Je dois cette lecture à Goran un nouveau venu dans ma blogo­sphère, et je me suis rendu compte en allant cher­cher ce titre dans une bonne librai­rie pari­sienne, que cet auteur était pour de nombreux lecteurs une réfé­rence indis­pen­sable pour la litté­ra­ture égyp­tienne. Égyp­tienne ? écrit par un homme ayant surtout vécu en France, il a d’ailleurs reçu le prix de la Fran­co­pho­nie en 1992, et visi­ble­ment très influencé par la litté­ra­ture fran­çaise. On pense tout de suite à un autre Albert, Camus celui-là. Le mendiant le plus inté­res­sant, Gohar, est un super Meur­sault, il a encore moins que lui de raison de tuer et il est autre­ment plus puis­sant car il entraîne celui qui aurait dû le punir dans son sillage du monde de l’ab­surde ou la notion du bien et du mal dispa­raît. Un mendiant de plus, un ancien poli­cier, hantera les rues du Caire dans des lieux consa­crés unique­ment à la survie, et où le plus impor­tant c’est de respec­ter un code de l’hon­neur fondé surtout sur l’es­prit de déri­sion. Ce n’est ni cet aspect, ni l’en­quête poli­cière assez mal menée qui a fait pour moi l’in­té­rêt de ce livre, c’est la décou­verte de ce monde et de toutes les petites ficelles pour survivre. Le crime gratuit me révulse, et le côté philo­so­phique du dépas­se­ment du bien et du mal est telle­ment daté que cela ne m’in­té­resse plus. En revanche, la vie de ces êtres qui n’ont plus rien est très bien décrite.

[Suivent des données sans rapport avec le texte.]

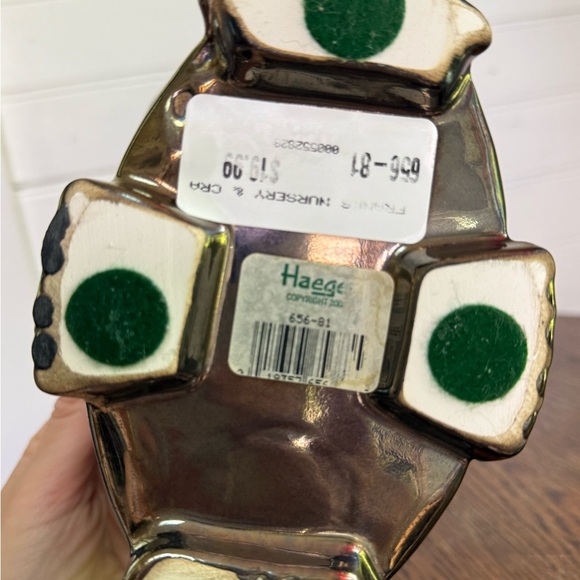 Royal Hager bronze color planter pot - Picture 5 of 7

Je doute tota­le­ment de la véra­cité des person­nages car ils sont décrit par un intel­lec­tuel à l’abri du besoin et rési­dant en France. Je pense que c’est toujours plus facile d’ima­gi­ner les très pauvres dans une forme de bonheur et refu­sant les faci­li­tés de notre société que comme des exclus du système et qui aime­rait bien en profi­ter un peu. Mais là n’est pas du tout le propos du roman et je rajoute que c’est un livre qui se lit faci­le­ment et agréa­ble­ment, j’ai tort d’avoir un juge­ment moral sur son propos car c’est juste­ment ce que dénonce Albert Cossery : cette morale occi­den­tale qui fait fi de l’énorme misère des pauvres en Égypte, ce que nous dit cet auteur c’est que puis­qu’on ne peut rien y chan­ger le meilleur moyen c’est encore de vivre comme les mendiants du Caire. Une absence de volonté de possé­der quoique ce soit est, pour lui, beau­coup plus dange­reuse pour l’équi­libre de la société qu’une quel­conque révolte. On peut le penser comme une première pierre à l’édi­fice de la compré­hen­sion de ce pays, mais je pense que des roman comme « Taxi » de Kaled Khamissi ou « L’im­meuble Yakou­bian » de Alaa El Aswani mettent en scène une Égypte beau­coup plus contem­po­raine et les auteurs ne sont plus encom­brés par le poids des idées des intel­lec­tuels fran­çais (marxisme, exis­ten­tia­lisme et autres structuralisme).

Citations

L’ironie

Peut-être était-il atteint d’une mala­die conta­gieuse. » Les microbes ! » se dit-il avec angoisse. Mais presque aussi­tôt la peur des microbes lui parut risible. Si l’on devait mourir des microbes, pensa-t-il, il y a long­temps que nous serions tous morts. Dans un monde aussi déri­soire, même les microbes perdaient de leur virulence.

Le pays paradisiaque (ça a bien changé ! mais peut-être pas pour ce détail)

En Syrie, la drogue n’était l’ob­jet d’au­cune inter­dic­tion. Le haschisch y pous­sait libre­ment dans les champs, comme du véri­table trèfle ; on pouvait le culti­ver soi-même.

Une putain heureuse de l’être

« Pour­quoi irais-je à l’école, dit Arnaba d’un ton mépri­sant . Je suis une putain, moi. Quand on a un beau derrière, on n’a pas besoin de savoir écrire. »

La ville européenne

L’ave­nue Fouad s’ou­vrit au centre de la ville euro­péenne comme un fleuve de lumière. El Kordi remon­tait l’ave­nue, d’un pas de flâneur, avec le senti­ment inquié­tant d’être dans une ville étrange. Il avait beau se dire qu’il se trou­vait dans son pays natal, il n’ar­ri­vait pas à y croire… Quelque chose manquait à cette cohue bruyante : le détail humo­ris­tique par quoi se recon­naît la nature de l’humain.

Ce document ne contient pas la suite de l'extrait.